Loveless de Brian Azzarello et Marcelo Frusin

Loveless
Profitons de ce que, pour une fois, l'actualité des publications coïncide avec nos obsessions. Le début de la série Loveless a été traduit en français et publié il y a peu chez Panini. C'est une production du label Vertigo de DC comics. Connaissant l'inclination de cette collection pour le cynisme et une certaine pose adolescente, c'est sans surprise que l'on voit ce récit arborer fièrement sa filiation : le western des années soixante-dix, une fois qu'il a été mastiqué par Leone et Peckinpah.

Blackwater, petite ville du Missouri, est la proie de fantômes divers en ces années meurtries qui suivent la guerre de Sécession. Une armée d'occupation avec ce que cela implique toujours de vilenie, une troupe d'irréductibles dont la cruauté n'a d'égale que le racisme, un nuage de tensions et de rivalités locales et, pour couronner le tableau, un fils du pays qu'on croyait mort, qui s'entoure de mystères et semble venu savourer une vengeance à trois bandes.
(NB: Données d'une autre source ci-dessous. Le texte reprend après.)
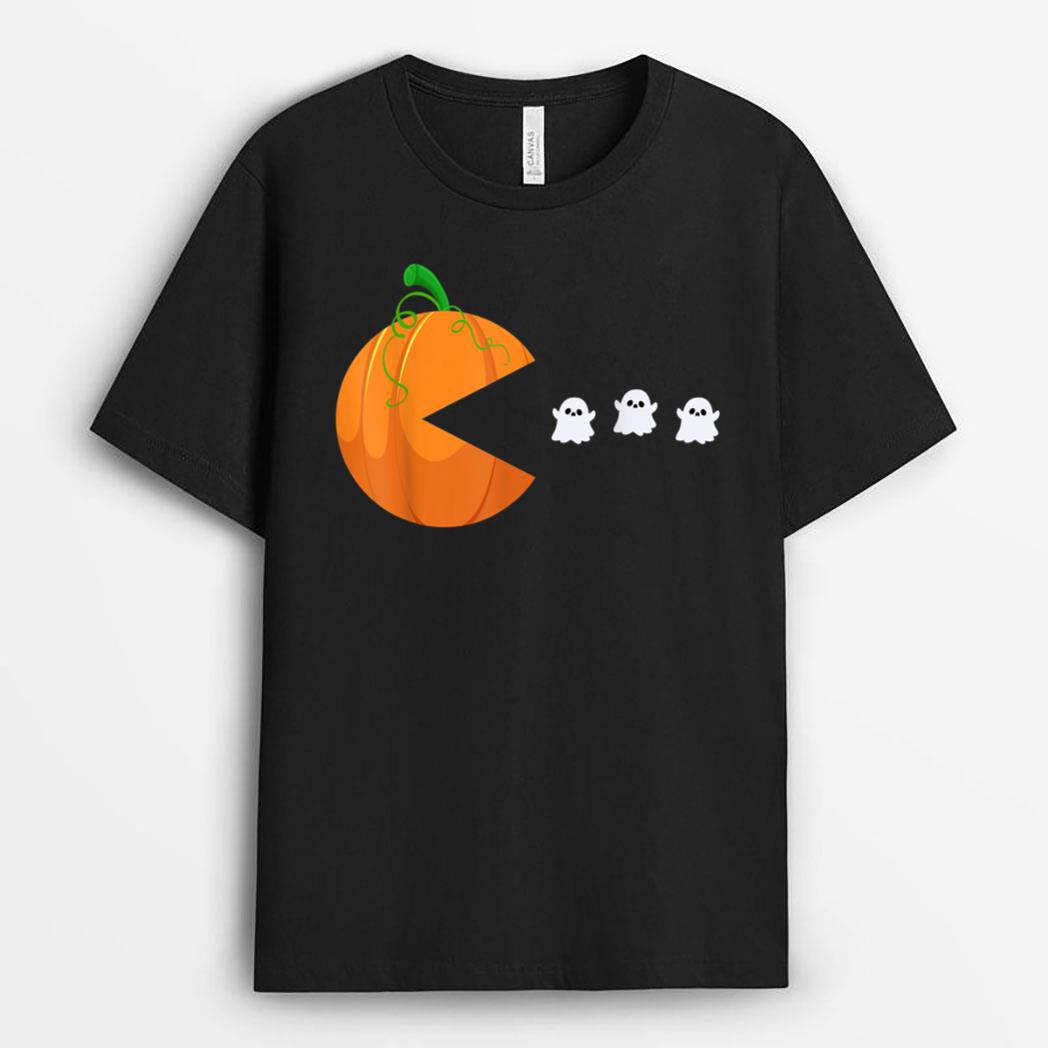 Funny Halloween Pumpkin Eating Ghosts T-Shirt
Azzarello ne se précipite pas pour dévoiler les ressorts de son intrigue. Le rythme indolent qu'il obtient rehausse les séquences de violence et fait la saveur de ce récit. Néanmoins, faute de caractérisation plus subtile des protagonistes il n'est pas sûr qu'il parvienne à accrocher suffisamment la curiosité du lecteur. En ce sens il n'est pas aidé par le dessinateur, qui, s'il soigne parfaitement le découpage et l'encrage, ne parvient pas suffisamment à différencier les personnages, ni à leur accorder ce surcroît d'âme qui distinguerait cette œuvre des productions communes. Trop marqué par les figures leoniennes et par les lumières de Bruce Surtees et de Jack N. Green sur les westerns de Eastwood, en bref trop imprégné de clichés visuels appréciés du public, Marcelo Frusin ne voit pas les êtres humains derrière les costumes.
Jeu appuyé de références cinématographiques Loveless convoque évidemment la figure de Eastwood au sens propre. Deux personnages se partagent sa panoplie. Le héros vengeur, Wes Cutter, a gagné le poncho de l'Homme sans nom, le chapeau et la paire de colts de Josey Wales et la dynamite de l'Homme des hautes plaines. Le colonel Silas Redd a lui obtenu les traits de l'acteur et sa coupe de 1971. La tronche d'Eastwood était sans doute une référence inutilement appuyée, mais elle apparaît comme un aveu d'amour et est ici métonymique du western cinématographique en général.
Si les inspirations revendiquées de Loveless ont toute notre sympathie, on souhaite que par la suite les auteurs cherchent un peu moins à satisfaire les fans qu'ils sont et s'aventurent sur le terrain d'une création bédéïque plus ferme dans ses bottes, affranchie du cinéma.

Loveless tome 1 : Retour au bercail, de Brian Azzarello (scénario) et Marcelo Frusin (dessin), Panini comics, 2008, 13€.